The error message clearly says that the default constructor has been deleted implicitly. It even says why: the class contains a non-static, const variable, which would not be initialized by the default ctor.

错误消息清楚地表明默认构造函数已被隐式删除。它甚至说明了原因：该类包含一个非静态的 const 变量，该变量不会被默认构造函数初始化。

class X {
    const int x;
};

Since X::xis const, it must be initialized -- but a default ctor wouldn't normally initialize it (because it's a POD type). Therefore, to get a default ctor, you need to define one yourself (and it must initialize x). You can get the same kind of situation with a member that's a reference:

由于X::xis const，它必须被初始化——但是默认的构造函数通常不会初始化它（因为它是一个 POD 类型）。因此，要获得默认的 ctor，您需要自己定义一个（并且它必须 initialize x）。您可以使用作为参考的成员获得相同类型的情况：

class X { 
    whatever &x;
};

It's probably worth noting that both of these will also disable implicit creation of an assignment operator as well, for essentially the same reason. The implicit assignment operator normally does members-wise assignment, but with a const member or reference member, it can't do that because the member can't be assigned. To make assignment work, you need to write your own assignment operator.

可能值得注意的是，出于基本相同的原因，这两个也将禁用赋值运算符的隐式创建。隐式赋值运算符通常会按成员进行赋值，但是对于 const 成员或引用成员，它不能这样做，因为该成员不能被赋值。要使赋值起作用，您需要编写自己的赋值运算符。

This is why a constmember should typicallybe static -- when you do an assignment, you can't assign the const member anyway. In a typical case all your instances are going to have the same value so they might as well share access to a single variable instead of having lots of copies of a variable that will all have the same value.

这就是为什么const成员通常应该是静态的——当您进行赋值时，无论如何都不能分配 const 成员。在典型的情况下，您的所有实例都将具有相同的值，因此它们最好共享对单个变量的访问权限，而不是拥有多个都具有相同值的变量副本。

It is possible, of course, to create instances with different values though -- you (for example) pass a value when you create the object, so two different objects can have two different values. If, however, you try to do something like swapping them, the const member will retain its original value instead of being swapped.

当然，创建具有不同值的实例是可能的——您（例如）在创建对象时传递一个值，因此两个不同的对象可以有两个不同的值。但是，如果您尝试执行诸如交换它们之类的操作，则 const 成员将保留其原始值而不是被交换。

You are using a function, which is marked as deleted.
Eg:

您正在使用标记为 的函数deleted。
例如：

int doSomething( int ) = delete;

The =delete is a new feature of C++0x. It means the compiler should immediately stop compiling and complain "this function is deleted" once the user use such function.

=delete 是 C++0x 的一个新特性。这意味着一旦用户使用该函数，编译器应立即停止编译并抱怨“该函数已被删除”。

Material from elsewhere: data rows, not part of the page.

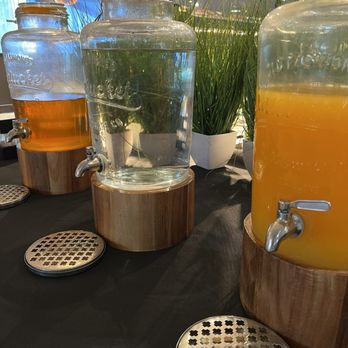 Leonardo Hotel - Juice bar - Hotels Near Me - Gt Lon, XGL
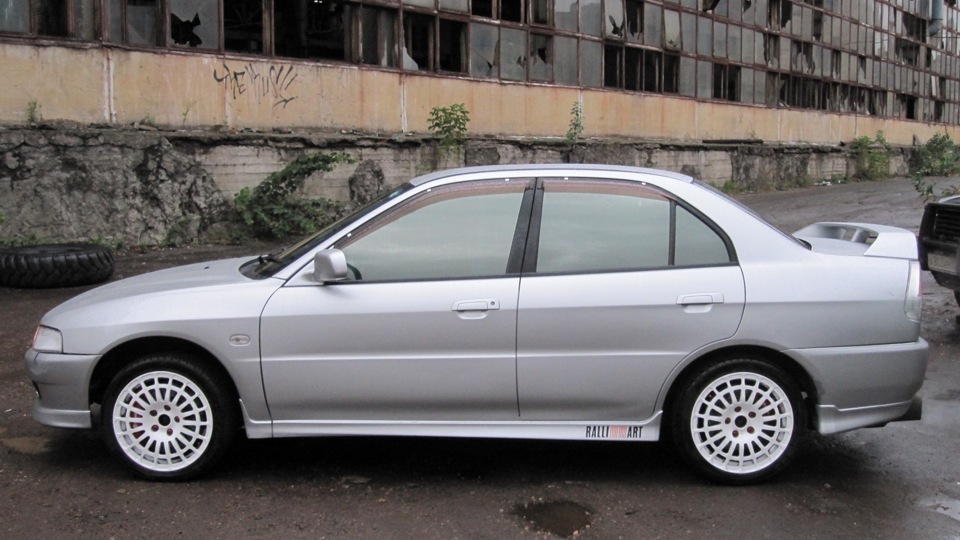 Mitsubishi Lancer GSR 2.5 (280) 4WD МТ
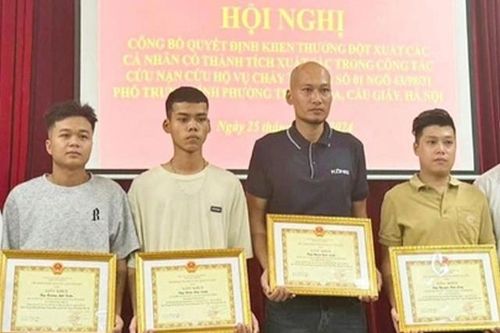 Thủ tướng gửi thư khen hành động dũng cảm cứu nạn nhân mắc kẹt trong đám cháy ở phố Trung Kính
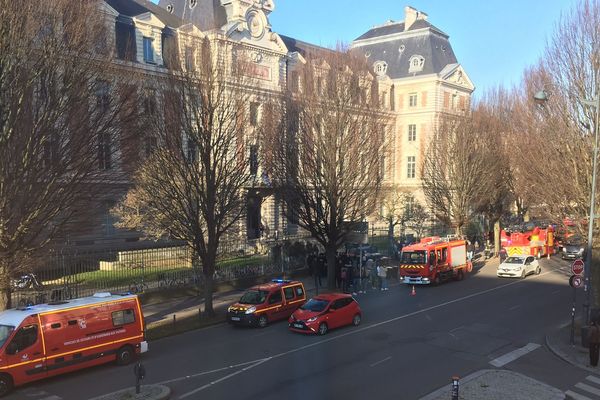 Les pompiers étaient intervenus suite au déclenchement de l'alarme incendie.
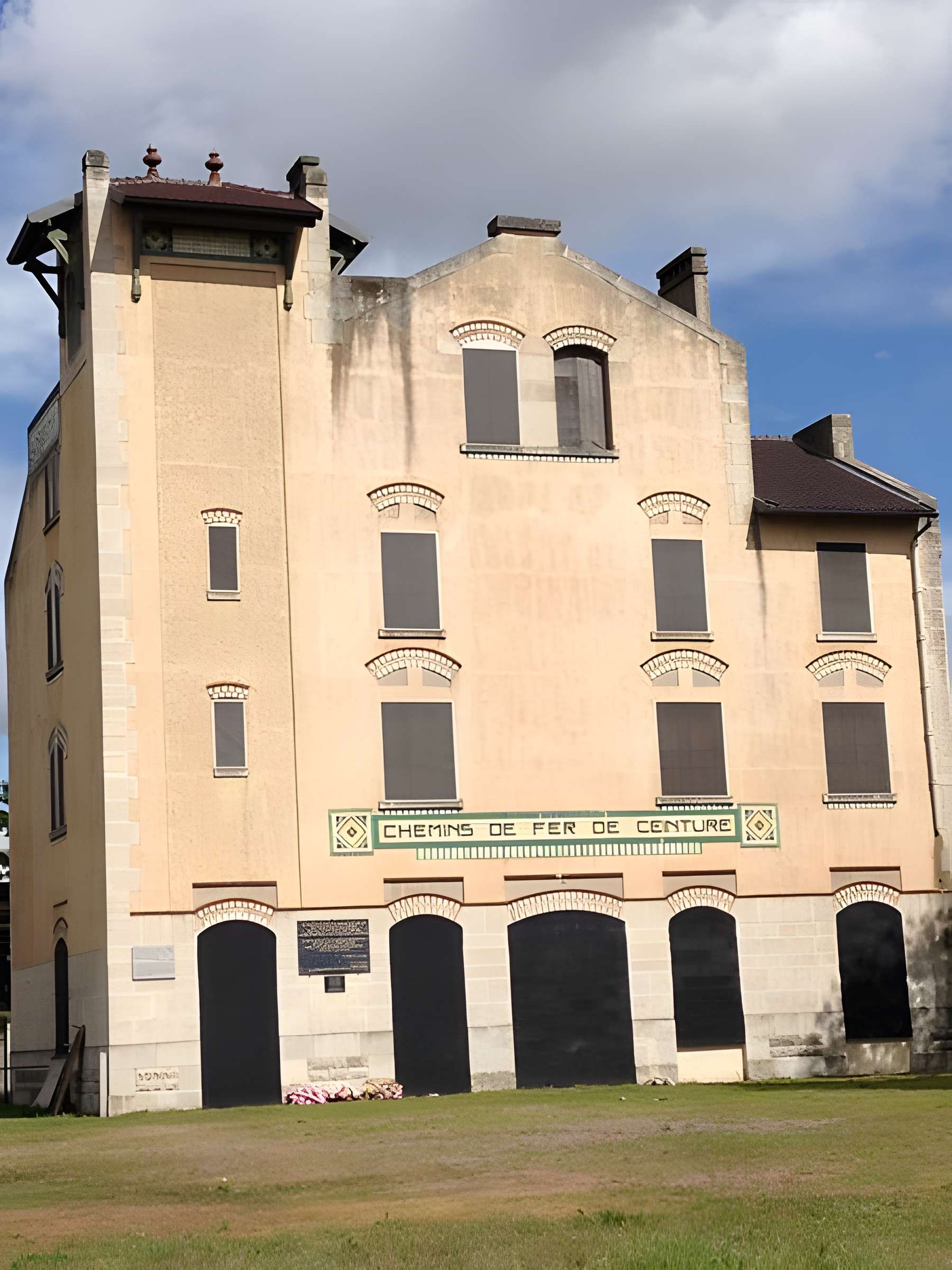 Ancienne gare SNCF de la Grande Ceinture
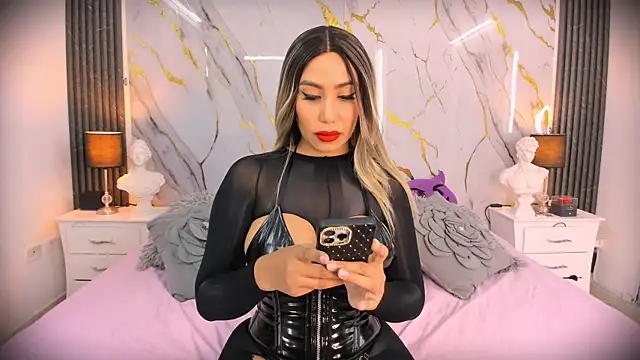 EmilyLeah  online show from March 1, 2025, 8:32 pm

If you see this error, you should check the function declaration for =delete.

如果您看到此错误，则应检查=delete.

To know more about this new feature introduced in C++0x, check thisout.

要了解有关 C++0x 中引入的这项新功能的更多信息，请查看此内容。

gcc 4.6 supports a new feature of deleted functions, where you can write

gcc 4.6 支持删除函数的新特性，你可以在这里写

hdealt() = delete;

to disable the default constructor.

禁用默认构造函数。

Here the compiler has obviously seen that a default constructor can not be generated, and =delete'd it for you.

这里编译器显然已经看到无法生成默认构造函数，并=delete为您提供了它。

I encountered this error when inheriting from an abstract class and not implementing all of the pure virtual methods in my subclass.

我在从抽象类继承并且没有在我的子类中实现所有纯虚方法时遇到了这个错误。

In the current C++0x standard you can explicitly disable default constructors with the delete syntax, e.g.

在当前的 C++0x 标准中，您可以使用删除语法显式禁用默认构造函数，例如

MyClass() = delete;

Gcc 4.6 is the first version to support this syntax, so maybe that is the problem...

Gcc 4.6 是第一个支持这种语法的版本，所以也许这就是问题所在......

Switching from gcc 4.6 to gcc 4.8 resolved this for me.

从 gcc 4.6 切换到 gcc 4.8 为我解决了这个问题。